── Dataset entries ──

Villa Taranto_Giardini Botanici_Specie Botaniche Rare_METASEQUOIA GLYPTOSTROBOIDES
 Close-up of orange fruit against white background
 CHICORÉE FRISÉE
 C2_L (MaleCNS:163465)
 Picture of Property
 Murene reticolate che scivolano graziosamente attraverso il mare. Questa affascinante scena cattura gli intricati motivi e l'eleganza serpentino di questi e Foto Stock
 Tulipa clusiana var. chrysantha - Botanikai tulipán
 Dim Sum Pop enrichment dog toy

───

▶ [Work to be completed] Copy each entry above exactly, leaving nothing out.

▶ [Exercise answer]
Villa Taranto_Giardini Botanici_Specie Botaniche Rare_METASEQUOIA GLYPTOSTROBOIDES
 Close-up of orange fruit against white background
 CHICORÉE FRISÉE
 C2_L (MaleCNS:163465)
 Picture of Property
 Murene reticolate che scivolano graziosamente attraverso il mare. Questa affascinante scena cattura gli intricati motivi e l'eleganza serpentino di questi e Foto Stock
 Tulipa clusiana var. chrysantha - Botanikai tulipán
 Dim Sum Pop enrichment dog toy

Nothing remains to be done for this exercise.